◆ **DATA FOR ANALYSIS**
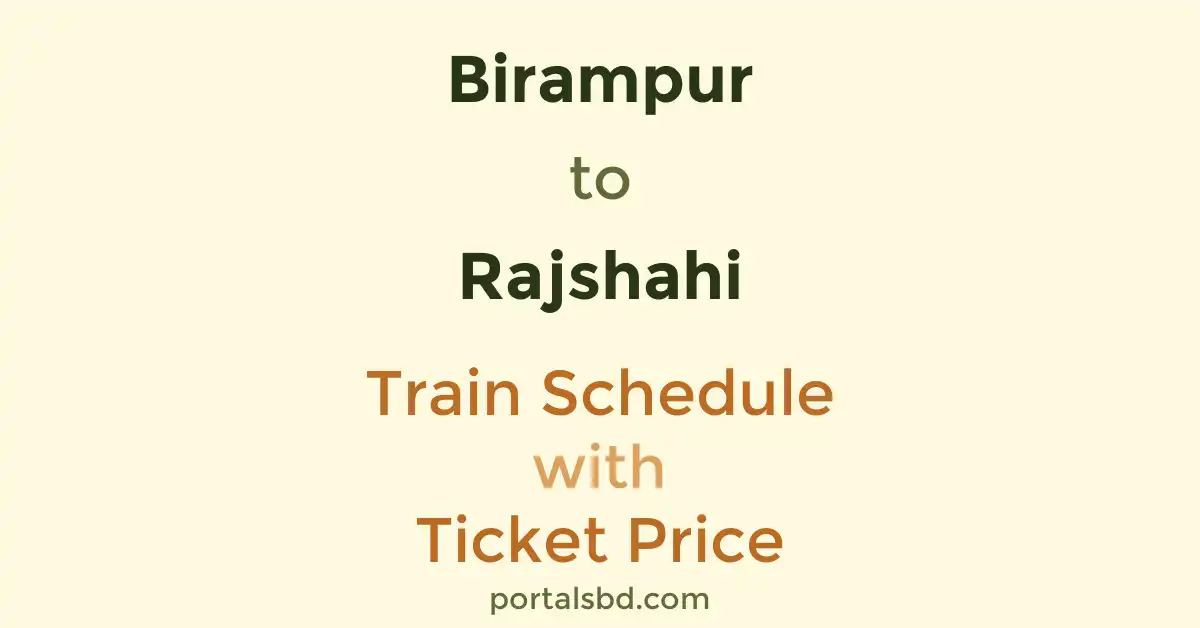 Birampur to Rajshahi Train Schedule with Ticket Price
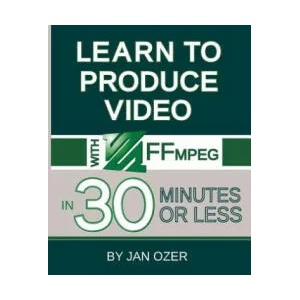 Learn to Produce Videos with FFmpeg | JAN LEE OZER (ISBN: 9780998453019)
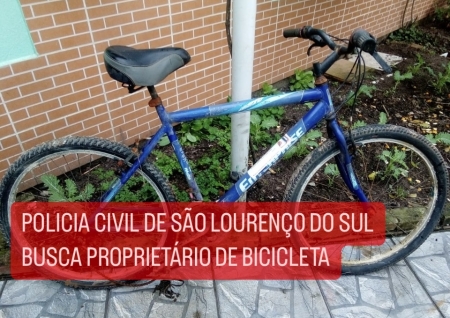 POLICIA CIVIL DE SÃO LOURENÇO DO SUL BUSCA PROPRIETÁRIO DE BICICLETA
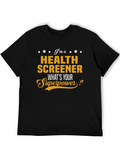 Health Screener Superpower T-Shirt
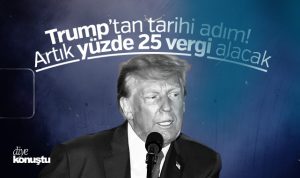 Trump’tan tarihi adım: Artık yüzde 25 vergi alınacak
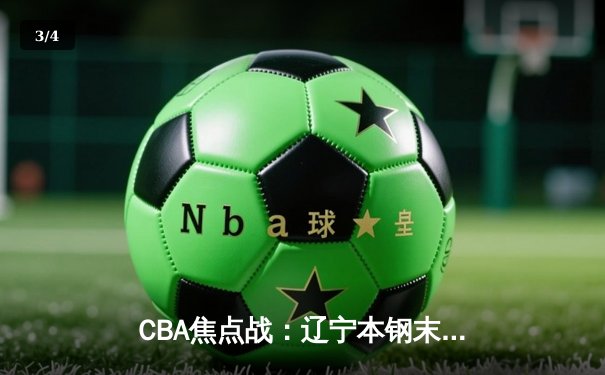 CBA焦点战：辽宁本钢末节逆转广东宏远，张镇麟35分创生涯新高 - 3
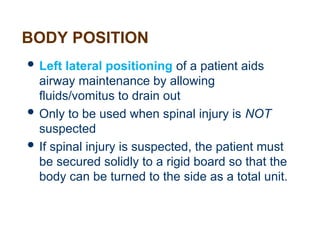 BODY POSITION
 Left lateral positioning of a patient aids
airway maintenance by allowing
fluids/vomitus to drain out
 Only to be used when spinal injury is NOT
suspected
 If spinal injury is suspected, the patient must
be secured solidly to a rigid board so that the
body can be turned to the side as a total unit.
 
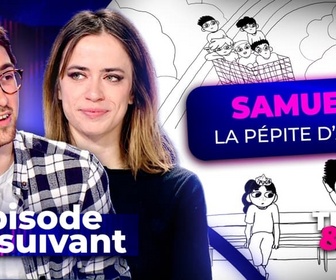 Replay Épisode suivant - Samuel, la pépite d'Arte qui émeut Tiktok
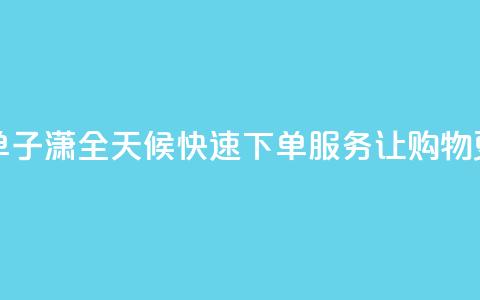 子潇24小时下单 - 子潇全天候快速下单服务	，让购物更便捷!  第1张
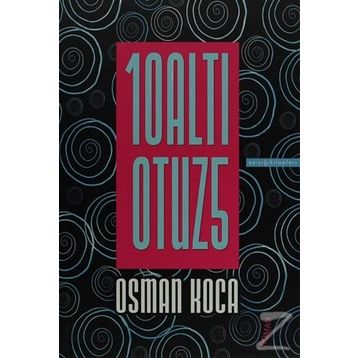 10ALTI OTUZ5 - OSMAN KOCA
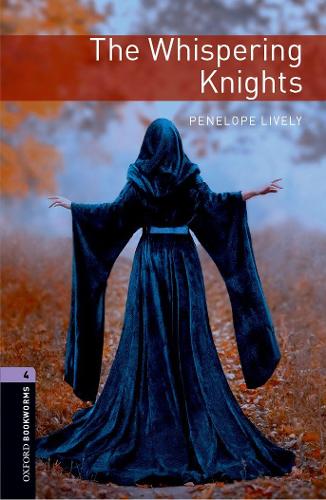 Oxford Bookworms Library: Stage 4: The Whispering Knights: Reader (Oxford Bookworms ELT)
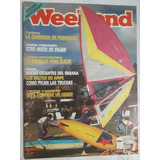 Revista Weekend N° 181 Octubre 1987 Caza Pesca Lanchas Armas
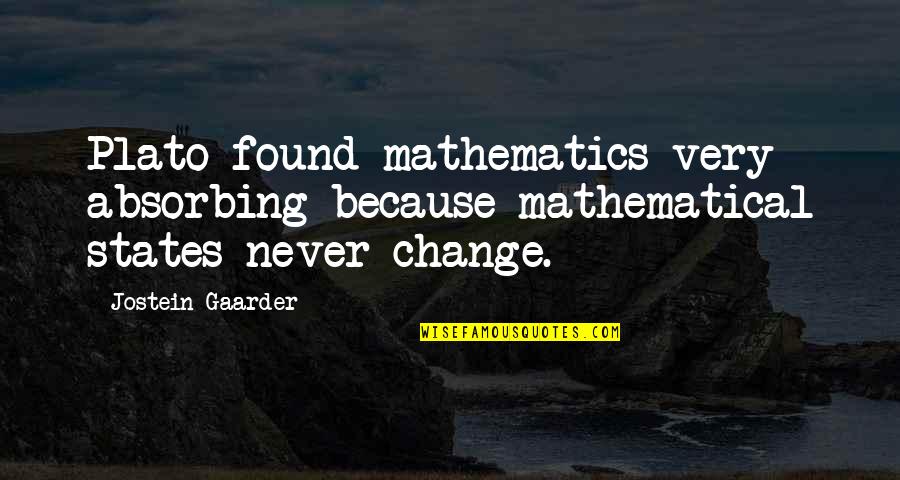 Jeremy Piven The Goods Quotes By Jostein Gaarder: Plato found mathematics very absorbing because mathematical states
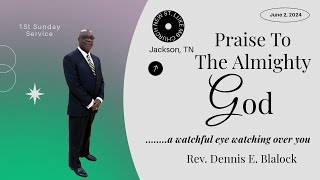 Praise To The All Knowing God  Rev Dennis E Blalock [upl. by Maggs629]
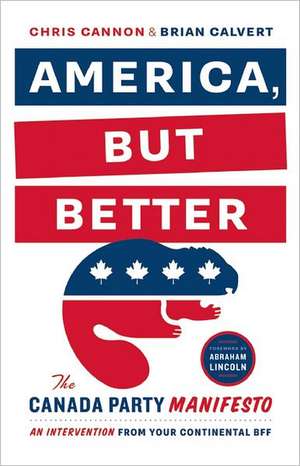 America, But Better: The Canada Party Manifesto de Chris Cannon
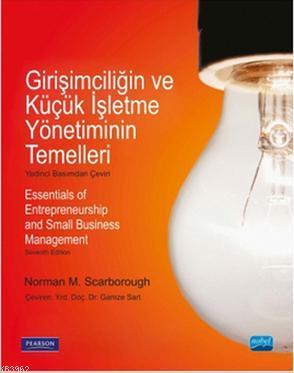 Girişimciliğin ve Küçük İşletme Yönetiminin Temelleri Norman S. Scarbo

◆ **YOUR INSTRUCTIONS**
Set down, in exact form, only the lines that start at the one containing "fluids/vomitus to drain out" and finish at the last line of the material; pictures do not go in.

◆ **ANSWER TO THIS PROBLEM**
fluids/vomitus to drain out
 Only to be used when spinal injury is NOT
suspected
 If spinal injury is suspected, the patient must
be secured solidly to a rigid board so that the
body can be turned to the side as a total unit.
 
 Replay Épisode suivant - Samuel, la pépite d'Arte qui émeut Tiktok
 子潇24小时下单 - 子潇全天候快速下单服务	，让购物更便捷!  第1张
 10ALTI OTUZ5 - OSMAN KOCA
 Oxford Bookworms Library: Stage 4: The Whispering Knights: Reader (Oxford Bookworms ELT)
 Revista Weekend N° 181 Octubre 1987 Caza Pesca Lanchas Armas
 Jeremy Piven The Goods Quotes By Jostein Gaarder: Plato found mathematics very absorbing because mathematical states
 Praise To The All Knowing God  Rev Dennis E Blalock [upl. by Maggs629]
 America, But Better: The Canada Party Manifesto de Chris Cannon
 Girişimciliğin ve Küçük İşletme Yönetiminin Temelleri Norman S. Scarbo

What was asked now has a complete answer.